Eric Crusius: Contractors have flexibility about how they accomplish those goals. The FAR Clause for civilian contractors is even more broad, where they just kind of give you 15 general things that you’re supposed to do, which is, for instance, identify a report and correct information and information system flaws in a timely manner. What’s a timely manner? I don’t know.

Erin Keating: Sure.

Eric Crusius: It’s very amorphous, but it’s just telling you that if you see a flaw, you’re supposed to fix it, whereas if you look at the NIST probably equivalent, I don’t have it in front of me right now, but it’s going to be a lot more specific than that.

Erin Keating: Like within 30 days?

Eric Crusius: Yeah. Yeah. Yeah, and what kind of flaws have to be fixed. There’s more to worry about.

Erin Keating: Now, when someone is beginning or in the middle of becoming a government contractor, when they are putting these clauses in their contract work with the government, is there additional backup information that they need to be supplying every time they’re going out for a contract? Does this need to be very documented and kept in specific order? Is that dictated by these regulations?

Eric Crusius: One thing contractors need to do is develop a system security plan, and that’s just a requirement. But besides that, there’s nothing that they have to document. The problem that the government has had, even with this stringent DFARs Claus, is they sense, and they’re correct in sensing this, that a lot of contractors just don’t comply with it.

Erin Keating: Sure.

Eric Crusius: Some don’t even try.

Erin Keating: Right. They’ll leave the clause in the actual contract, but then they just don’t actually comply with it.

Eric Crusius: Right.

Erin Keating: Okay.

Eric Crusius: That’s leading to some problems, obviously. One is there are breaches, and the second part is for contractors, that if you see the clause in there and you make no effort to comply, that can form the basis of a false claims action, whereas you have an internal whistleblower that says, “Hey, what are we doing to comply with this DFARs Clause?” and the leadership in the company says, “We don’t care about that.
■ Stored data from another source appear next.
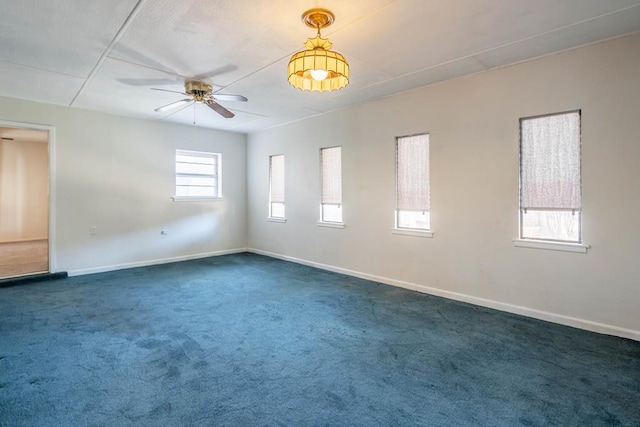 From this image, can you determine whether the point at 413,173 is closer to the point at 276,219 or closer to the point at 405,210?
the point at 405,210

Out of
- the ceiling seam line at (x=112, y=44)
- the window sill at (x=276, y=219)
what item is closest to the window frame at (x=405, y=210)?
the window sill at (x=276, y=219)

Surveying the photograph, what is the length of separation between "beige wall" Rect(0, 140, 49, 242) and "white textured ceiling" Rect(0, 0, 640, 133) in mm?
5537

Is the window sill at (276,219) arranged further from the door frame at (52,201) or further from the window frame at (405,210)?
the door frame at (52,201)

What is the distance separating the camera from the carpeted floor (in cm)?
193

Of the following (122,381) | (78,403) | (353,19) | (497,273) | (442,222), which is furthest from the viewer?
(442,222)

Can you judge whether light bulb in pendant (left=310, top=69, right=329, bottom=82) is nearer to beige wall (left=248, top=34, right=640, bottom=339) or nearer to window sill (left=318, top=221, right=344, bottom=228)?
beige wall (left=248, top=34, right=640, bottom=339)

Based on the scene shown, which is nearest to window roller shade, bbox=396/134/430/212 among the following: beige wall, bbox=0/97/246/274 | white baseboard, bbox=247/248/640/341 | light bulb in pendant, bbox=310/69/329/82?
white baseboard, bbox=247/248/640/341

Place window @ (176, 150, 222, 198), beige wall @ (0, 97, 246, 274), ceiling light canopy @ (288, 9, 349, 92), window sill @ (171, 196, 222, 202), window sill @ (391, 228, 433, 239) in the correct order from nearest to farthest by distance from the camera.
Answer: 1. ceiling light canopy @ (288, 9, 349, 92)
2. window sill @ (391, 228, 433, 239)
3. beige wall @ (0, 97, 246, 274)
4. window sill @ (171, 196, 222, 202)
5. window @ (176, 150, 222, 198)

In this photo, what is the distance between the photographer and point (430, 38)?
2932 mm

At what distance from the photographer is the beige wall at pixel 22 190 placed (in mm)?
8234

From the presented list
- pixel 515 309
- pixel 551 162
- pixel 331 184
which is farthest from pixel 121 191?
pixel 551 162

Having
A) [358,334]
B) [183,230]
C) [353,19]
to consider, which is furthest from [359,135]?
[183,230]

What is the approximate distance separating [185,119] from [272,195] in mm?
2192

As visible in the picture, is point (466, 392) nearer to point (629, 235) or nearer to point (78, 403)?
point (629, 235) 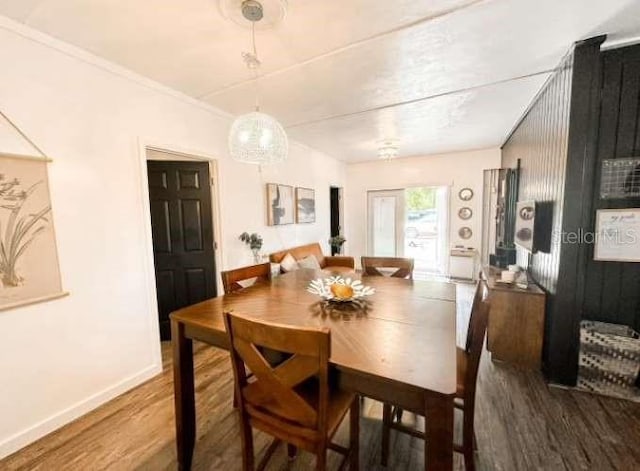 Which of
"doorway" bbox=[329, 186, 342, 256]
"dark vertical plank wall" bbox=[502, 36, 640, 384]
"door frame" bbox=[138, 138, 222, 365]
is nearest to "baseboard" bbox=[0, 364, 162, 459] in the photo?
"door frame" bbox=[138, 138, 222, 365]

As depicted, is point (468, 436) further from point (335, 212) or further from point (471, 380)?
point (335, 212)

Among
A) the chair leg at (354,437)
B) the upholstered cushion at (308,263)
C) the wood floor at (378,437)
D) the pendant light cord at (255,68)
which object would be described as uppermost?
the pendant light cord at (255,68)

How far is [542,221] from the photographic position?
8.06 feet

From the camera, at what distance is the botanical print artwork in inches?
63.2

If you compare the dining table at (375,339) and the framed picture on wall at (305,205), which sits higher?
the framed picture on wall at (305,205)

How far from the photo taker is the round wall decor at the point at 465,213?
17.9ft

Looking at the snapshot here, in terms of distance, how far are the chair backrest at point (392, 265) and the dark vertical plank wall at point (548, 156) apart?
112cm

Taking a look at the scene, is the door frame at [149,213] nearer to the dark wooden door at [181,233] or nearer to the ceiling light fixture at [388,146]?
the dark wooden door at [181,233]

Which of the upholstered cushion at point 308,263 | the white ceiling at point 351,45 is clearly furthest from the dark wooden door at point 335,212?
the white ceiling at point 351,45

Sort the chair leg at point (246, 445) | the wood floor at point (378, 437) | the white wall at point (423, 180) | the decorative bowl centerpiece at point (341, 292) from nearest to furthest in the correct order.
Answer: the chair leg at point (246, 445)
the wood floor at point (378, 437)
the decorative bowl centerpiece at point (341, 292)
the white wall at point (423, 180)

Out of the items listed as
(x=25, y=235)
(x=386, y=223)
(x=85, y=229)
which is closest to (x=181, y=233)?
(x=85, y=229)

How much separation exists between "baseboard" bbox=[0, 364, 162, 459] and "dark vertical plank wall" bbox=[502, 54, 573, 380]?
3481 millimetres

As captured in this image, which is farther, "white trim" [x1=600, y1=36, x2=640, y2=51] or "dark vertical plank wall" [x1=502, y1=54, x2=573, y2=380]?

We’re not going to comply with it, even though we’re signing invoices that say that we are compliant with it.” All of a sudden, that’s a false claim potentially.

Erin Keating: Sure.

Eric Crusius: The government kind of sees this happening, and they see the fact that there’s still a lot of companies who are not compliant with this. This is obviously a big priority. They’re trying to make contractors a little bit more accountable for that. One way they’re going to do it, and as we’re going to discuss in the not-too-distant future, is having this certification requirement.

Erin Keating: Right. Okay.

Eric Crusius: The government is also making cybersecurity compliance a basis of award. When you’re bidding on a contract, the government typically will list, sometimes kind of cryptically but sometimes very clearly, the things that they’re going to consider whether you’re going to get a contract or not. The government is starting to list your cyber security compliance as one of those factors and will ask you to write about your cyber security compliance in your proposal. They’re trying to think of ways to make contractors a little bit more accountable.

Erin Keating: Sure. Knowing that anyone listening to this podcast who’s beginning to pull all of this together, it’s very smart to be documenting it and having it in a specific space so that you can share that information, and potentially if there’s certification requirements in the future, to actually say that you are certified, you would have all that documentation in place, save yourself a lot of trouble in the future.

Eric Crusius: Right. Absolutely. Yeah. To that point even is that if you have this government information on your systems, the best advice I can give is to have it on one server or one hard drive or one spot, because the government will have a right if there is a breach or an attempted breach to come in and do an investigation, but that right to do an investigation is only limited to where the breach happened. If you have your information spread in a server that is commingled with everything else in your company, the government will see that everything else when they do an investigation. If it’s on a separate drive or a separate server or a separate whatever, the government won’t have that right to see everything else in your company.

Erin Keating: Okay. Good to know. Duly noted. That probably leads into another question. What kind of data is covered by the claws?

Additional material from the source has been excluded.